Perhaps worn down a bit, Lackey gave up solo homers to Teixeira and Beltran in the fourth, cutting it to 4-3.
Whitley and reliever Shawn Kelley threw 10 straight balls to begin the fifth, combining to walk the bases loaded with none out. Pedroia blooped a two-run single and later stayed in a rundown long enough for Daniel Nava to score from third.
"I'm most frustrated with the pitch to Ortiz, obviously, and the walk to Bradley that set up the fifth. That was unacceptable," Whitley said.
Ichiro Suzuki tripled to spark a two-run rally in the bottom half. He scored on Gardner's double.
Pedroia's sacrifice fly made it 8-5 in the sixth.
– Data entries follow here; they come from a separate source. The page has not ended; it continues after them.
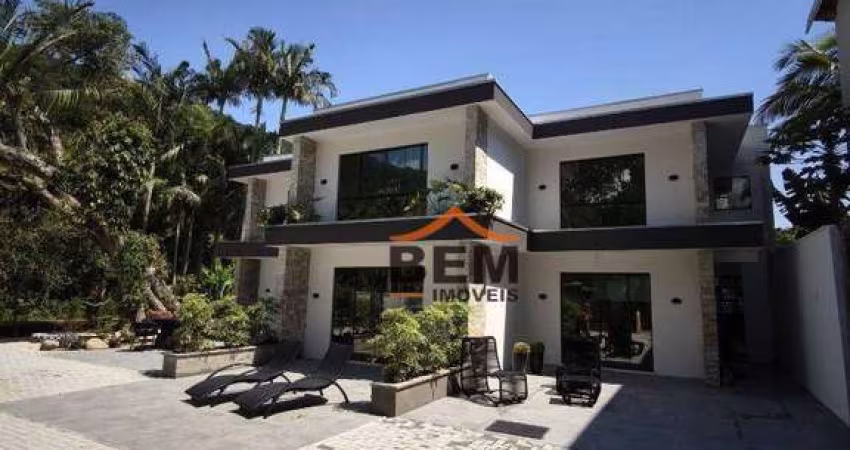Casa com 1 dormitório à venda, 82 m² por R$ 1.280.000,00 - Praia das Taquaras - Balneário Camboriú/SC
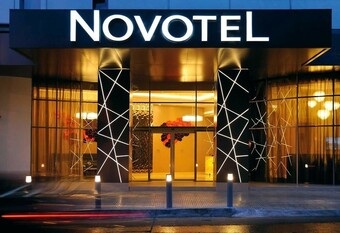 Novotel Panama City Hotel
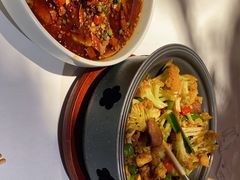 -小河盐帮·私家菜·烤鸭(三元桥·霄云路店)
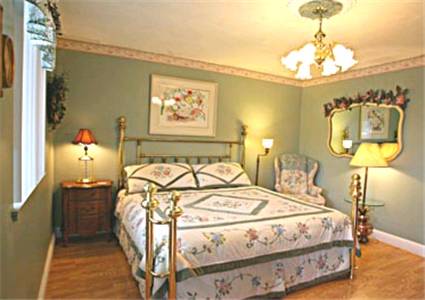Buona Sera Inn - photo 10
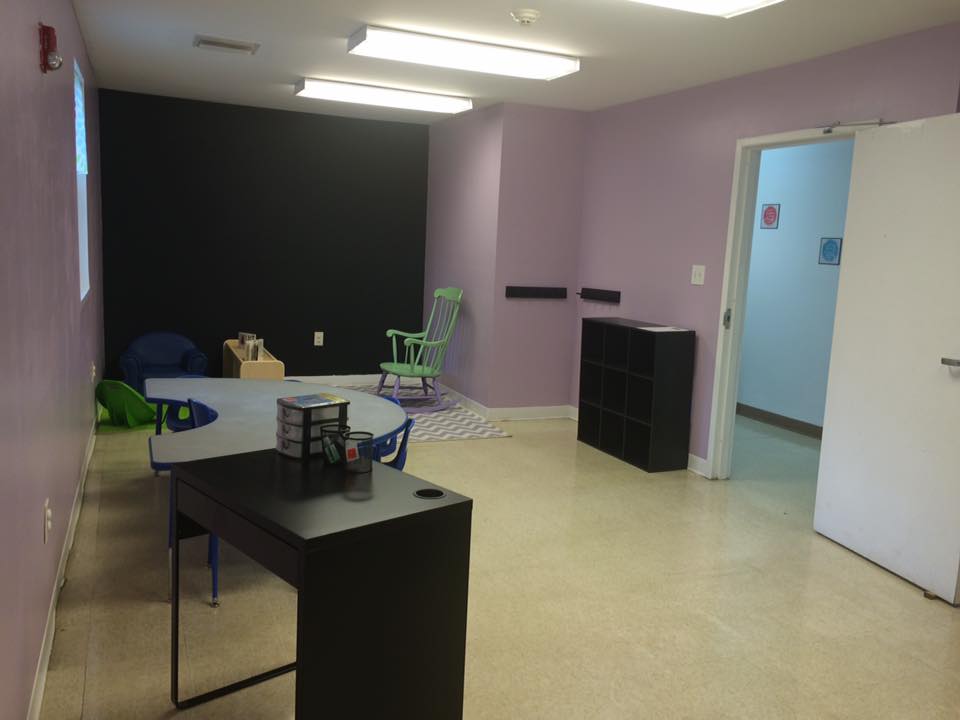 The Chalkboard Preschool's Photo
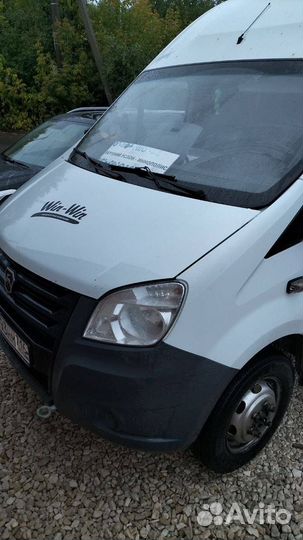 Аренда минивена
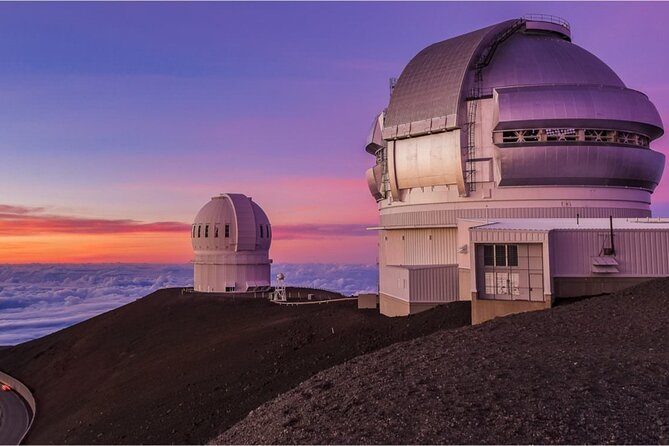 From Big Island Hilo - Enchanting Mauna Kea & Waterfalls Tour - Key highlights I’d put on your radar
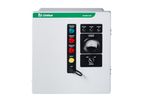 Littelfuse - Model NGRM-ENC Series - Neutral-Grounding-Resistor Monitor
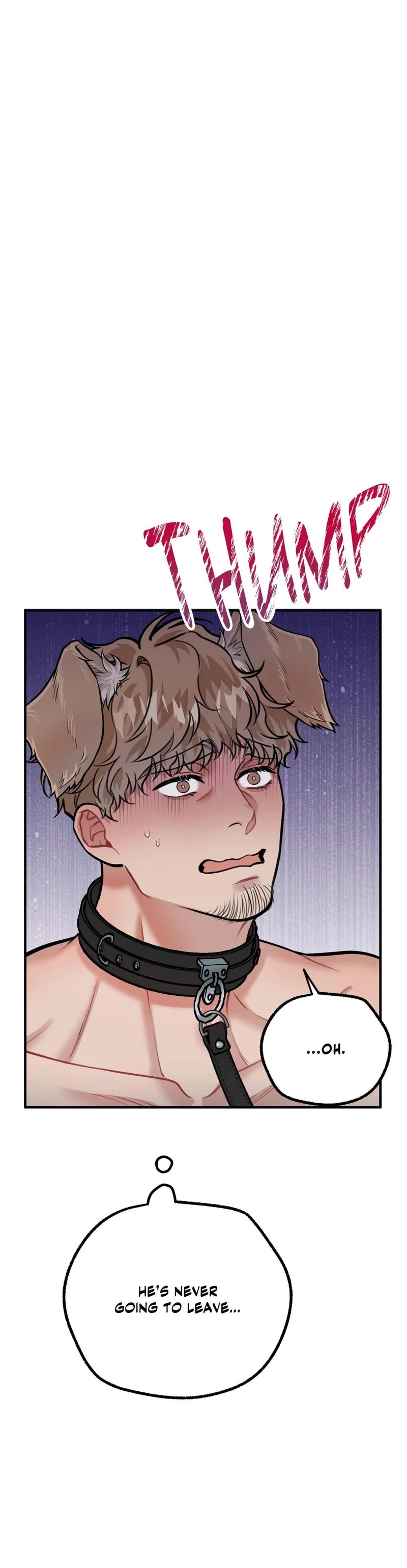 BDSM 101 Chapter 14 - Page 26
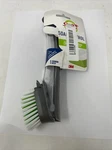 Scotch-brite Dishwand Brush Scrubber For Cleaning Dishes Kitchen By 3M. Fixed Price $11.86.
Mike Napoli doubled to start the second and scored on a single by slumping Stephen Drew, his second RBI in 57 at-bats this season.
Touted prospect Mookie Betts made his major league debut for Boston in right field. With his parents and fiancee in the stands, the 21-year-old Betts grounded into a double play his first time up but singled in the fourth for his first hit.
Jeter tossed the souvenir ball to a Red Sox bat boy, and Betts was promptly caught stealing.
"It was great," Betts said, acknowledging he felt some jitters during his first at-bat. "I'm not one to put any extra pressure on myself."